Il Manuale operativo per la predisposizione di un Piano comunale ed intercomunale di protezione civile definisce come interfaccia urbano-rurale quelle zone, aree o fasce, nelle quali l’interconnessione tra strutture antropiche e aree naturali è molto stretta, quei luoghi geografici, cioè, dove il sistema urbano e quello rurale si incontrano ed interagiscono, così da considerarsi a rischio d’incendio di interfaccia potendo venire rapidamente in contatto con la possibile propagazione di un incendio originato da vegetazione combustibile.
Tale incendio, infatti, può avere origine sia in prossimità dell’insediamento (ad esempio a causa dell’abbruciamento di residui vegetali o all’accensione di fuochi durante attività ricreative in parchi urbani o periurbani, ecc.), sia come incendio propriamente boschivo per poi interessare le zone di interfaccia.

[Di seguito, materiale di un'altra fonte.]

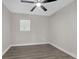 This light gray bedroom has vinyl floors, one window and a modern ceiling fan at 1729 Spring Ne St, Conyers, GA 30012
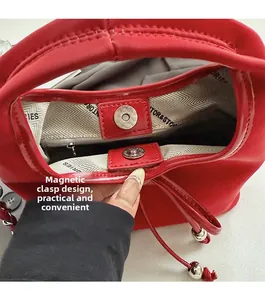 Détail du sac en cuir rouge montrant le fermoir magnétique et la doublure imprimée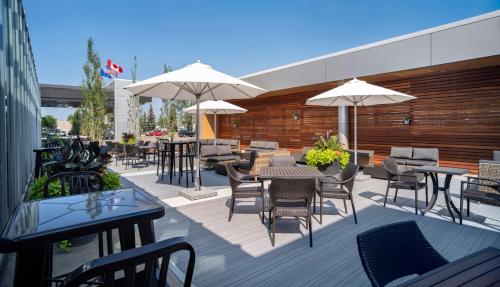 a patio with tables and chairs and umbrellas at Hotel Blackfoot in Calgary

L’interfaccia in senso stretto è la fascia di contiguità tra le strutture antropiche e la vegetazione ad essa adiacente, esposte al contatto con sopravvenienti fronti di fuoco.
In via di approssimazione, la larghezza di tale fascia è stimabile attorno ai 20-25 metri e comunque estremamente variabile in considerazione delle caratteristiche fisiche del territorio, nonché della configurazione della tipologia degli insediamenti.

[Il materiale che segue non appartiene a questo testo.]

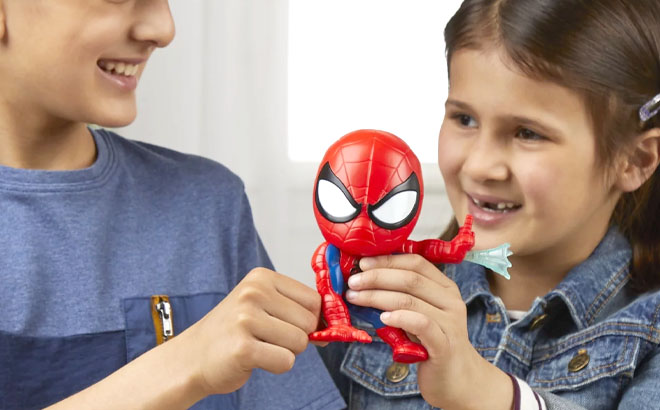 Kids Playing a Bop It Marvel Spider Man Edition Electronic Game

Sulla base dell’analisi operata, è possibile distinguere tre differenti configurazioni di contiguità e contatto tra aree con dominante presenza vegetale ed aree antropizzate:
- interfaccia classica: frammistione fra strutture ravvicinate tra loro e vegetazione (es. periferie dei centri urbani e villaggi);
- interfaccia mista: presenza di molte strutture isolate e sparse nell’ambito del territorio ricoperto di vegetazione combustibile;
- interfaccia occlusa: zone con vegetazione combustibile limitate e circondate da strutture prevalentemente urbane (come ad esempio parchi o aree verdi o giardini nei centri urbani).
Per valutare il rischio conseguente agli incendi di interfaccia è pertanto prioritariamente necessario definire la pericolosità nella porzione di territorio ritenuta potenzialmente interessata dai possibili eventi calamitosi ed esterna e di contorno al perimetro della fascia di interfaccia in senso stretto, corrispondente alla c.d. “fascia perimetrale”, valutata in circa 250 metri raggruppando tutte le strutture la cui distanza relativa non sia superiore a 50 metri.
Un ulteriore elemento di valutazione da considerare è rappresentato dalla vulnerabilità degli esposti presenti nella fascia di interfaccia.